⟨

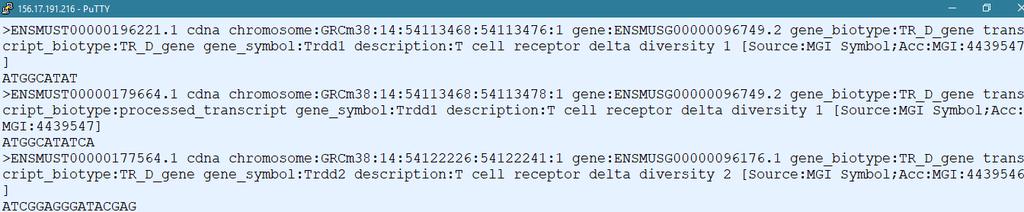 cdna sequences for Ensembl or ab initio predicted genes.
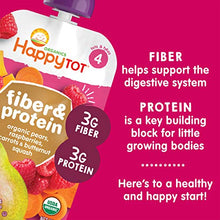 Load image into Gallery viewer, Happy Tot Organics Fiber & Protein Pouch Stage 4 Pears Raspberries Butternut Squash & Carrots, 4 Ounce Pouch (8 Pack)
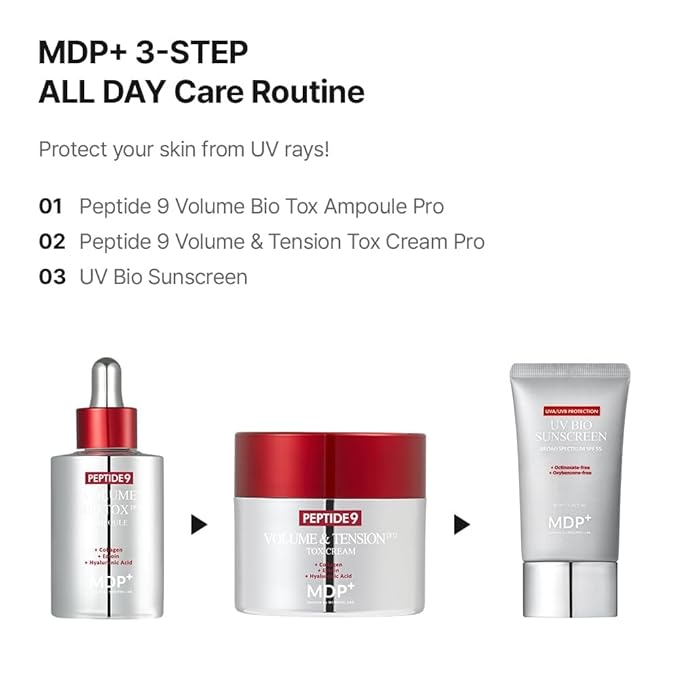 MDP+ Peptide 9 UV Bio Sunscreen | Korean Sunscreen SPF 50+ | Broad Spectrum UV Protection, Lightweight & Hydrating Formula
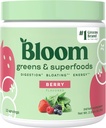Bloom Nutrition Superfood Greens Powder, Digestive Enzymes w/Probiotics & Prebiotics, Gut Health, Bloating Relief for Women, Chlorella, 15 SVG (15 Servings (Pack of 1), Berry)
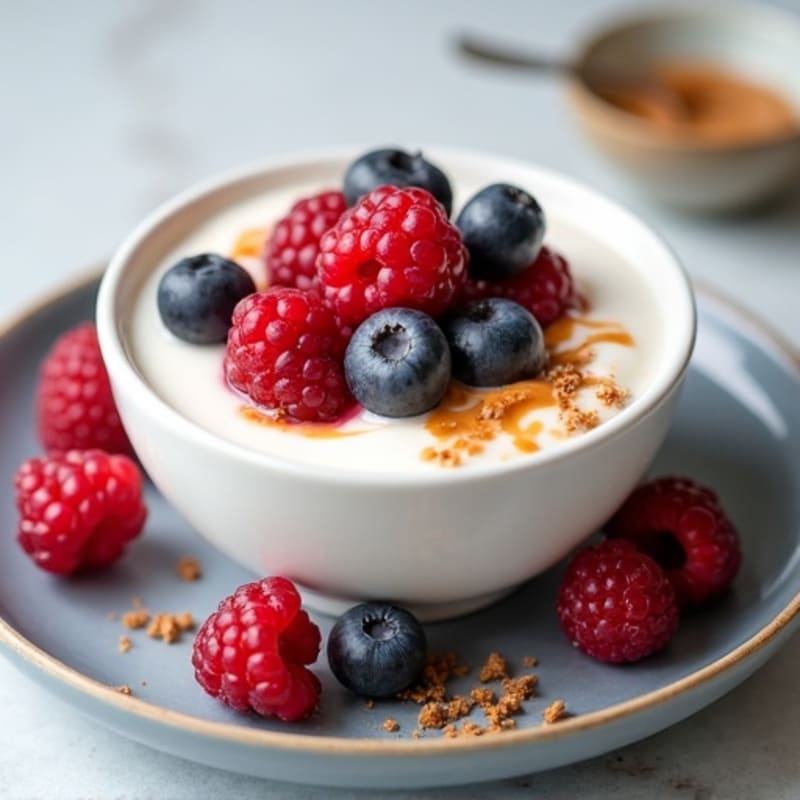 Silky Greek Yogurt Protein Pudding with Mixed Berries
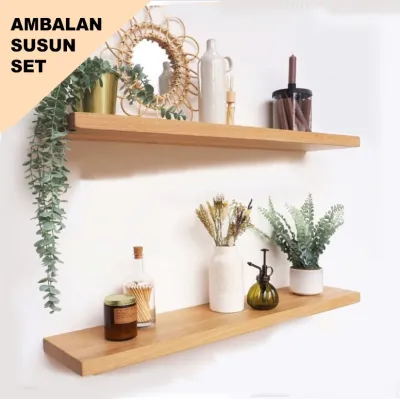 1 Set Isi 2 Ambalan Papan Rak Dinding Minimalis Kayu Brown Colour Aesthetic Viral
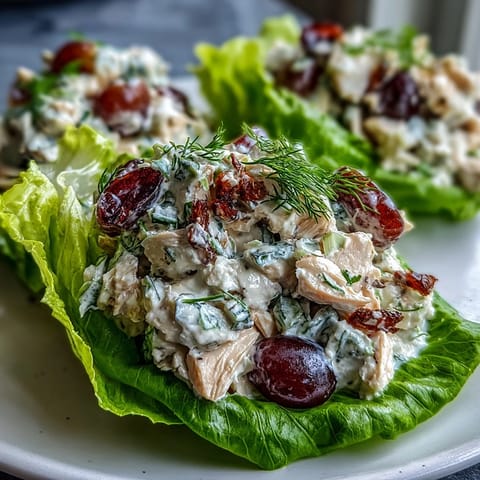 Fresh Greek yogurt chicken salad with grapes and celery wrapped in crisp lettuce leaves for a healthy, protein-rich meal.  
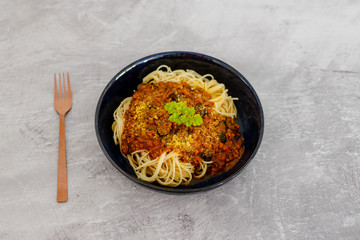 spaghetti bowl with vegan bolognaise sauce made with textured vegetable protein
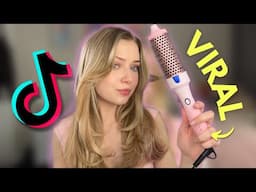 Trying The VIRAL TikTok Heated Round Brush! Wavytalk Dupe?!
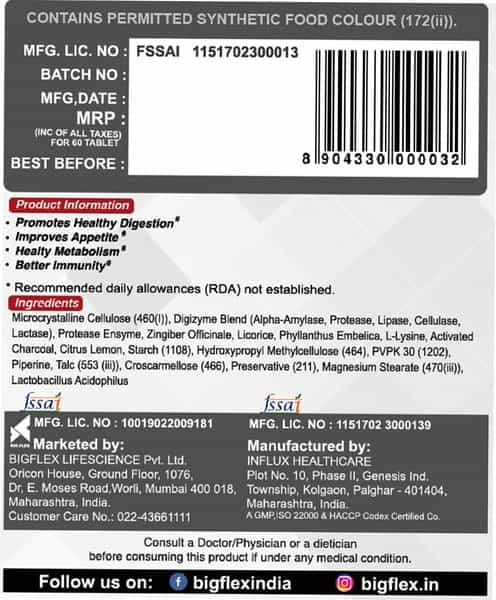 Pharmgrade Healthy Gut Digestive Enzymes Supplements - 60 Tablets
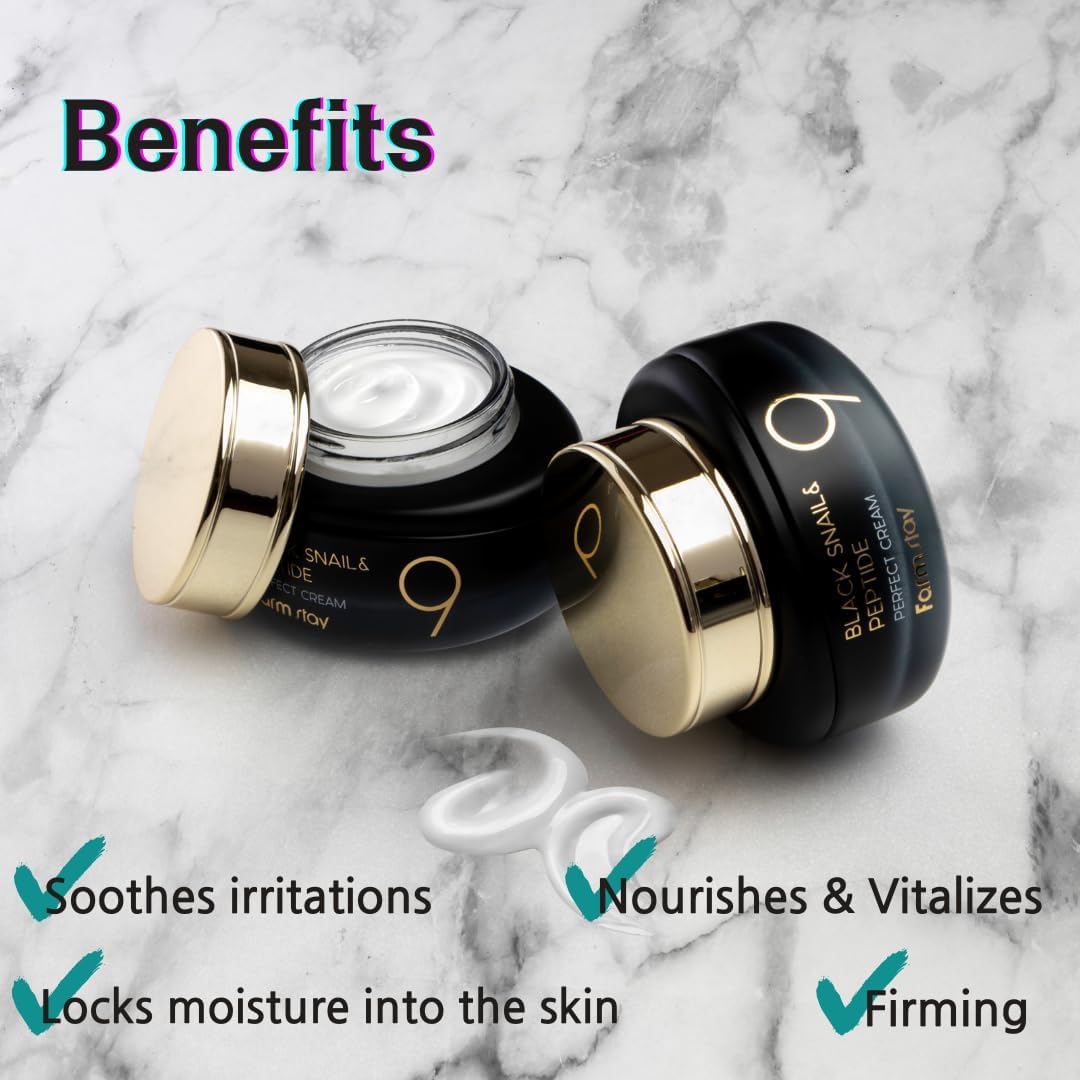 Farm Stay Farmstay Black Snail and Peptide 9 Perfect Cream - Anti Aging Cream with Peptide Formula - Fights Wrinkles and FIne Lines - Brightens Skin - 55 ml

⟩

- TASK DETAILS -
Write out word for word every line from the line with "spaghetti bowl with" through the final line of the records, both included, skipping the pictures.

- EXERCISE RESULT -
 spaghetti bowl with vegan bolognaise sauce made with textured vegetable protein
 Trying The VIRAL TikTok Heated Round Brush! Wavytalk Dupe?!
 Pharmgrade Healthy Gut Digestive Enzymes Supplements - 60 Tablets
 Farm Stay Farmstay Black Snail and Peptide 9 Perfect Cream - Anti Aging Cream with Peptide Formula - Fights Wrinkles and FIne Lines - Brightens Skin - 55 ml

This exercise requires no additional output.